Marta Gualotuna (right), the owner of Emanuel Corporation, speaks about the mistreatment she said she received from the City over the forced relocation of her business in Willets Point. Photo by Joe Marvilli

Marta Gualotuna (right), the owner of Emanuel Corporation, speaks about the mistreatment she said she received from the City over the forced relocation of her business in Willets Point. Photo by Joe Marvilli

The owners held a press conference to ask again for the City to sit down with them and find a relocation site in Queens that they can move to together. According to Arturo Olaya, president of the committee, the suggestions the City has made have been unacceptable.

“They bring pictures of locations that are in Philadelphia, or in Brooklyn, or in the Bronx.

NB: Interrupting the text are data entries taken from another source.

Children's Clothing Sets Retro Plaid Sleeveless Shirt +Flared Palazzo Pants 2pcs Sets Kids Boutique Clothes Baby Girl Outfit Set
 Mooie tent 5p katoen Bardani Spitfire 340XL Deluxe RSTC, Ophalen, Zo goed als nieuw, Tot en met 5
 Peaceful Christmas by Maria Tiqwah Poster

When the business owners go to see any of this property, they find that it’s not for rent, or it’s already rented, or it doesn’t fit for what we need,” he said. “It is a complete sham. They are lying to the people.”

He added that the City had strong-armed many of the owners into closing up their shops or agreeing to terms that had been laid out by the City, entering into deals that leave them at a disadvantage. Many businesses were told to vacate their premises by Nov. 30 of last year in order to receive payment equivalent to 12 months’ present rent. That number was cut to six months’ rent if they did not leave until Jan. 31. Any time after that and the owner would get nothing.

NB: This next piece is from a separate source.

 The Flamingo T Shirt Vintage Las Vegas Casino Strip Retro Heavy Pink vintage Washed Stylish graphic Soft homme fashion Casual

“Some of the members of my committee don’t have any money to bring food to the table, to support their family right now and the City is still not listening,” Olaya said.

Olaya added that the committee had put together its own ideas for where the businesses could go. He suggested that 50 auto-shops could be relocated in an area of Willets Point where some of the bigger businesses were allowed to stay. Franchises, parking or other moneymakers could then be built on top of the auto-shops. The businesses would be agreeable to this type of plan, but they need the City to come to the table first.

Several owners talked about their mistreatment at the hands of the City and Cornerstone Group, an organization that was paid $700,000 by the City to provide relocation assistance.

Tana Gualotuna, daughter of Marta Gualotuna, the owner of Emanuel Corporation, said that Cornerstone lied to them about a possible relocation site. According to Tana, the company said there was a space in Queens available for rent for $1,800 a month. When they went to look at the site, they discovered it was not for rent.

“They think that Hispanic people are stupid but we’re not. They don’t treat us as regular people. It’s disgraceful that people from New York can do that,” Tana said.

Antonio Sanchez, of New American Corporation, has been working at Willets Point for 18 years. According to Olaya, who was translating for Sanchez, the City offered him $12,000, plus another $4,000 for expenses. He closed his place but has yet to receive any money from the City.

“He’s in limbo, just like everyone else,” Olaya said.

Despite the unresolved situation, the committee and Avella said they were hopeful the new City administration will take a fresh look at this issue and offer the owners a deal they can get behind.

“Mayor de Blasio campaigned on these types of issues,” Avella said. “I hope that he will take a serious look at this project.”

Recently, a group of 33 Willets Point businesses and the Sunrise Cooperative umbrella group they belong to, sued the City of New York, the New York City Economic Development Corporation, the New York City Industrial Development Agency, Sterling Equities, Inc., Related Companies, Inc. and Queens Development Group, LLC. The lawsuit, filed last month, states that there was no lawful relocation plan for the businesses and that any relocation assistance offered has been “ineffective.”